However, covered entities do not have to provide an accounting of disclosures, when healthcare practice and/or information:Did not require specific notification, authorization, or an opportunity to object (e.g., treatment, payment, healthcare operations)

  • Was sent to the patient
  • Was sent to business associates
  • Received formal authorization from the patient


AMENDING PATIENT RECORDS

Though patient records cannot have information removed, patients can request to make amendments to their healthcare records, which offers further explanation, clarification, or revision of health information. 

If patients request an amendment, the covered entity should have patients fill out forms that include:

  • What dates need to be amended
  • What information is incorrect or incomplete
  • What is the reason for requesting the amendment
  • What should the information be amended to look like/contain
  • Authorization for the covered entity to notify individuals that the patient wants to be notified

Covered entities have 60 days from receiving a patient’s request to take action, unless they receive a 30-day extension by providing written notice to the individual detailing your reason for delay and the date which you will take action. On request of a patient, covered entities might also be contacted by other covered entities to amend patient records.

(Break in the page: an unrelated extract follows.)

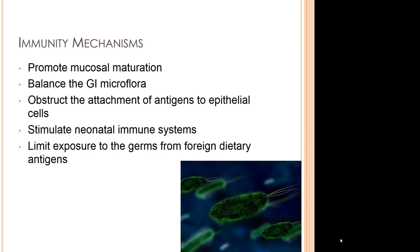The general methods through which breastfeeding impacts infectious disease are multiple, including promoting mucosal maturation — the mucosa being the membrane lining various cavities and covering internal organs. It also balances the gut microflora, interferes with the attachment of antigens to epithelial cells, stimulates neonatal immune systems, and limits exposure to germs from foreign dietary antigens.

Whether or not you amend patient records upon request, inform the patient about your decision in a timely manner.

A covered entity can deny a patient’s request to amend health information for several reasons. For instance, covered entities can deny a request if the record is not part of the Designated Record Set, it was not created by the covered entity, is not part of their access rights under HIPAA requirement §164.524, or the record is reviewed and determined to be accurate and complete.

If covered entities approve to amend a patient’s record, they need to put this amendment in their record or reference a link to this amendment. Make sure to notify the patient, anyone who the patient requests to be notified, and anyone who would need to know the information to not affect the patient with any negative consequences.

If you deny the request to amend a patient’s record, you must inform the patient that their amendment was denied and why you denied their request. 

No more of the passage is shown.